I definitely agree the ELF way is better. The way I extended the parsing for 64-bit support though relies on it being done in the constructor since I rely on the file header accessors and section header accessors to abstract over the structure differences. I'll have a closer look at the ELF handling to see if we can move in that direction.

119 ↗(On Diff #199503)

Could we have a valid offset of less than 4 if the name is in the debug section? I'm not suggesting we need to change in this patch, just considering the future.

115 ↗(On Diff #199886)

Note that llvm/test/tools/llvm-readobj/Inputs/xcoff-basic.o has such symbols.

We need to commit to implementing the debug name handling either in the same patch that enables dumping symbols from readobj or before that. It would be useless if we have to tip-toe around object files with debug info. Until then I think the assert alone is fine.

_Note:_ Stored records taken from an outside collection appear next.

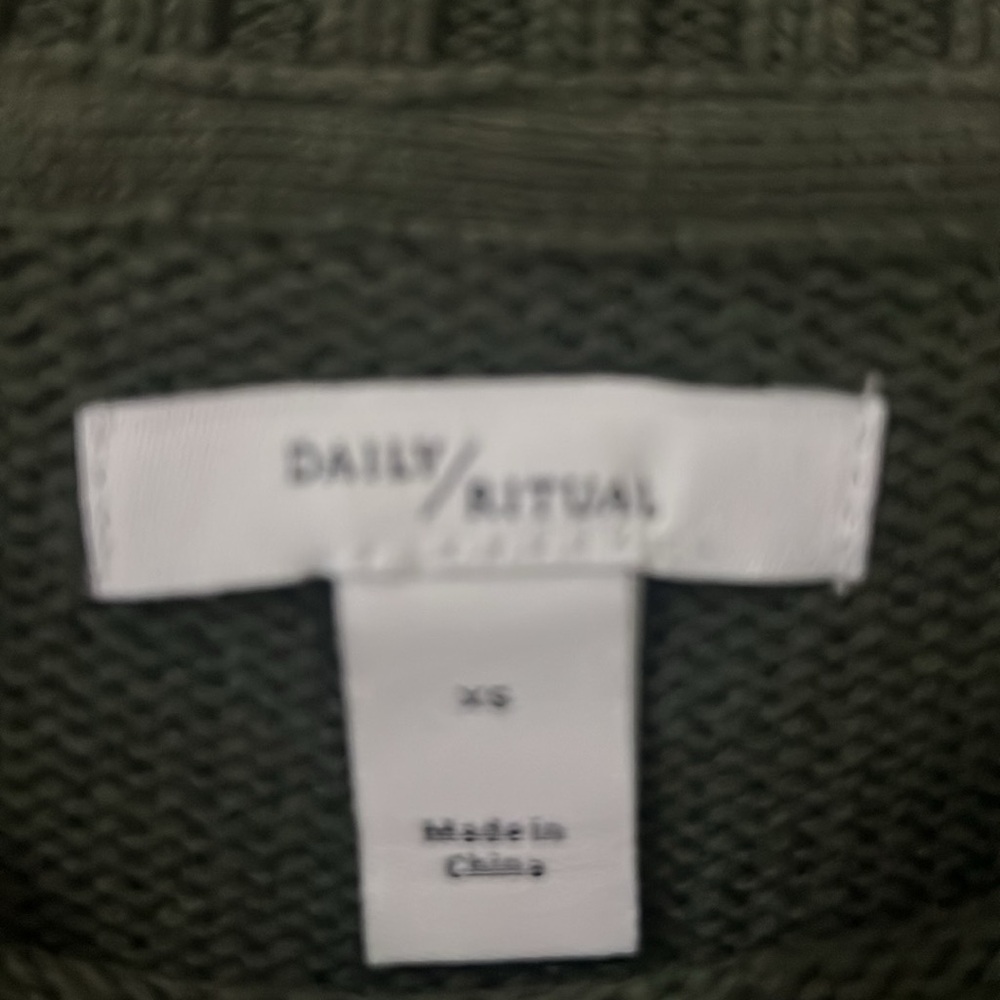 Sweater - Picture 6 of 11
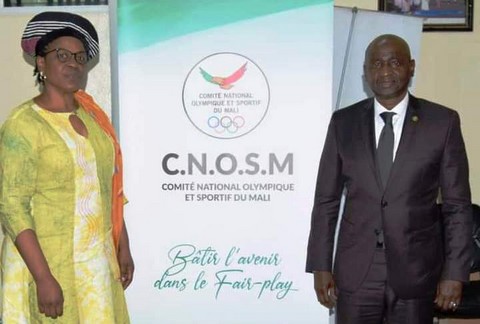 CNOSM-CONFEJES :  La Secrétaire générale Louisette-Renée Thobi chez Habib Sissoko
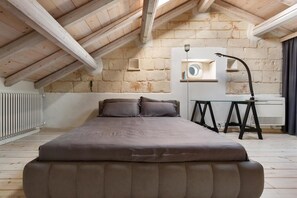2 chambres, fer et planche Ă repasser, draps fournis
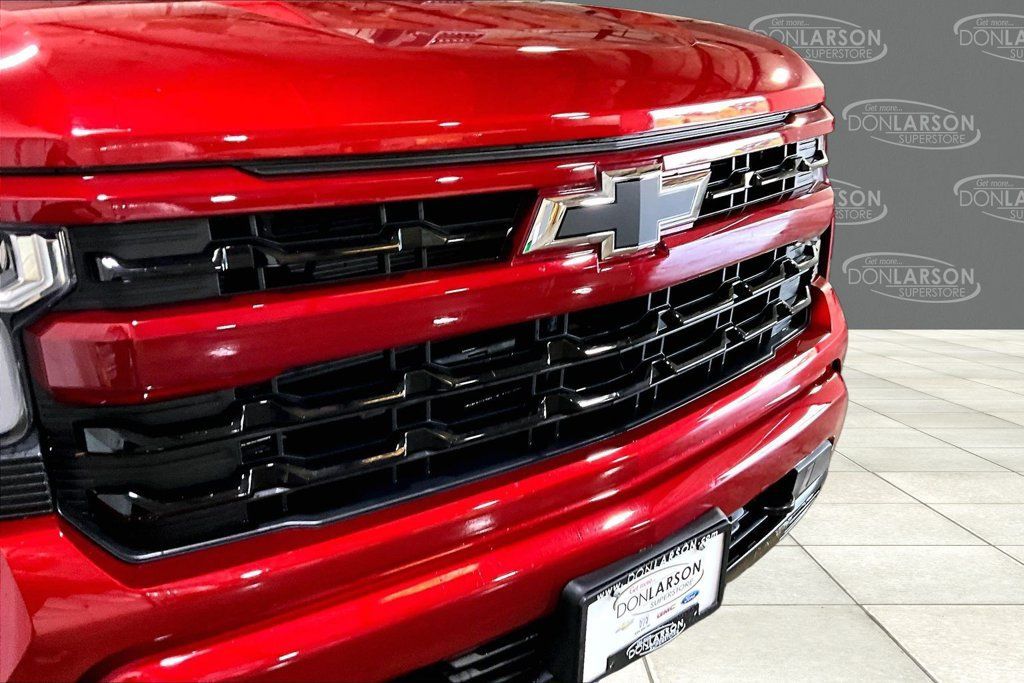 Used 2026 Chevrolet Silverado 1500 RST w/ RST Select Package AWD/4WD image 14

llvm/tools/obj2yaml/xcoff2yaml.cpp
34 ↗(On Diff #198073)

Sorry, I should have been clearer.

llvm/lib/Object/XCOFFObjectFile.cpp
119 ↗(On Diff #199503)

Great question.

In llvm/test/tools/llvm-readobj/Inputs/xcoff-basic.o:

0000620:                          0000 0000 0000
0000630: 0002 0000 0000 fffe 0000 8c00

The offset into the debug section is 2.

115 ↗(On Diff #199886)

Printing unrelated strings or reporting spurious errors in release is not fine in my book. The hard-error alone in fine (no need for an assert).

daltenty requested changes to this revision.May 23 2019, 8:08 AM
daltenty added a subscriber: daltenty.
daltenty added inline comments.
llvm/include/llvm/Object/XCOFFObjectFile.h
71 ↗(On Diff #199886)

Building with this section with -DLLVM_ENABLE_WERROR=ON results in "error: anonymous types declared in an anonymous union are an extension"

83 ↗(On Diff #199886)

Same problem with anonymous types with this union

This revision now requires changes to proceed.May 23 2019, 8:08 AM
DiggerLin updated this revision to Diff 200990.May 23 2019, 8:57 AM
DiggerLin marked 4 inline comments as done.

fixed the code based on the comment

LGTM with additional small changes (including the changes requested by @daltenty).

llvm/lib/Object/XCOFFObjectFile.cpp
110 ↗(On Diff #200990)

Add a comment:

// A storage class value with the high-order bit on indicates that the name is a
// symbolic debugger stabstring.
111 ↗(On Diff #200990)

Missing "return".

DiggerLin updated this revision to Diff 201255.May 24 2019, 8:18 AM
DiggerLin marked 3 inline comments as done.

fixed the compiler error of
"anonymous types declared in an anonymous union are an extension

[-Wnested-anon-types] "

when compile with clang++

llvm/include/llvm/Object/XCOFFObjectFile.h
71 ↗(On Diff #199886)

I have fixed the problem

83 ↗(On Diff #199886)

I build success as
bash-4.2$ g++ -std=c++11 -I/scratch/zhijian/llvm/src/llvm/include -I/scratch/zhijian/llvm/build/include -c llvm/include/llvm/Object/XCOFFObjectFile.h

83 ↗(On Diff #199886)

I have fixed the problem .

llvm/lib/Object/XCOFFObjectFile.cpp
115 ↗(On Diff #199886)
  1. I deleted the assert
  2. print symbol in as "Unimplemented Debug Name" after I discussed with Sean
daltenty accepted this revision.May 24 2019, 1:42 PM

LGTM (with addition of comment @hubert.reinterpretcast suggested above)

This revision is now accepted and ready to land.May 24 2019, 1:42 PM

There are still unaddressed comments.

llvm/lib/Object/XCOFFObjectFile.cpp
111 ↗(On Diff #200990)

Please fix this.

DiggerLin marked 2 inline comments as done.May 27 2019, 1:28 PM
DiggerLin added inline comments.
llvm/lib/Object/XCOFFObjectFile.cpp
111 ↗(On Diff #200990)

fixed , thanks a lot

DiggerLin updated this revision to Diff 201568.May 27 2019, 1:30 PM
DiggerLin marked an inline comment as done.
DiggerLin updated this revision to Diff 201578.May 27 2019, 1:52 PM
DiggerLin marked 3 inline comments as done.

added comment based on the reviewed

This revision was automatically updated to reflect the committed changes.